Page:Sacher-Masoch - A Kolomea - Contes juifs et petits russiens, 1879.djvu/80

Le texte de cette page a été corrigé et est conforme au fac-similé.
70
À KOLOMEA.

» Il était devenu pâle, ses dents claquaient.

« Je mets le feu à ma cabane, répondit-elle avec son mauvais sourire. Nous allons mourir tous deux dans les flammes. »

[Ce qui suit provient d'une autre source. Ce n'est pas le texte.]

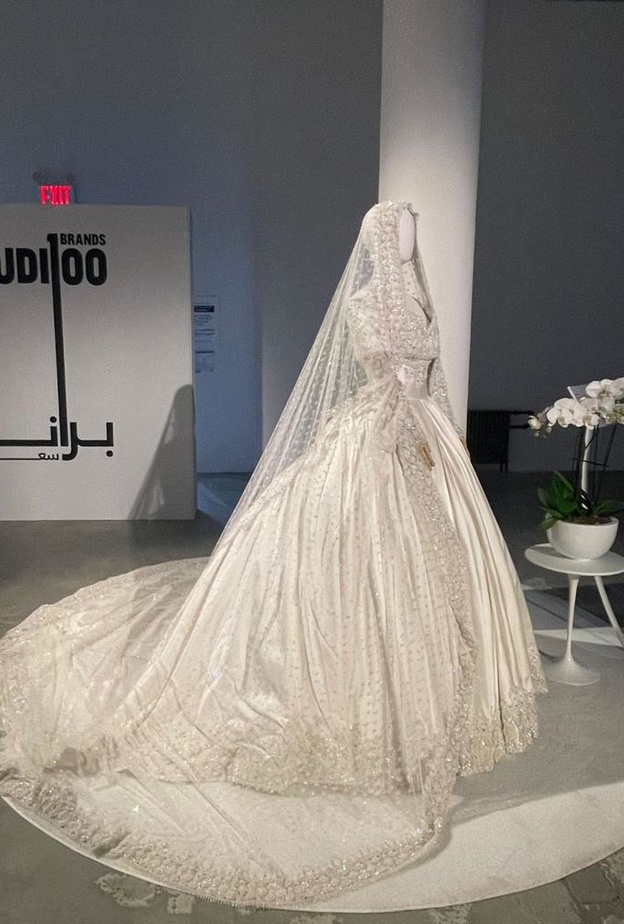 المصممة "دار الهنوف" تكشف لـ "هي" تفاصيل مشاركتها المستوحاة من تراث نجد الغني في معرض 100 براند سعودي في نيويورك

» Je voulus m’élancer dans la chambre ; je ne sais vraiment pas à quoi j’aurais servi, moi, pauvre et faible femme ! J’essayai d’ouvrir la porte. Elle était verrouillée, barricadée. J’appelai Éva Kwirinowa, je criai au secours ! Le grésillement des flammes seul me répondit, et la bise qui soufflait tristement dans la plaine remplissait la campagne d’une plainte aigre. Une angoisse indicible me saisit. Je ne parvins même pas à réciter une prière. Je m’éloignai en tremblant, et je m’enfuis, affolée, à travers la steppe. »

 

À ce moment, nous regardâmes tous dans la direction de la maison d’Éva Kwirinowa. L’incendie était éteint. La fumée serpentait mollement dans l’air, y entrelaçant ses brunes arabesques. La prairie était déserte. Nous étions seuls. Sur nos têtes étincelait la nuit de la steppe, cette nuit profonde, solennelle, avec son souffle embaumé et mystérieux, avec ses astres, rouges comme des aigrettes de braise.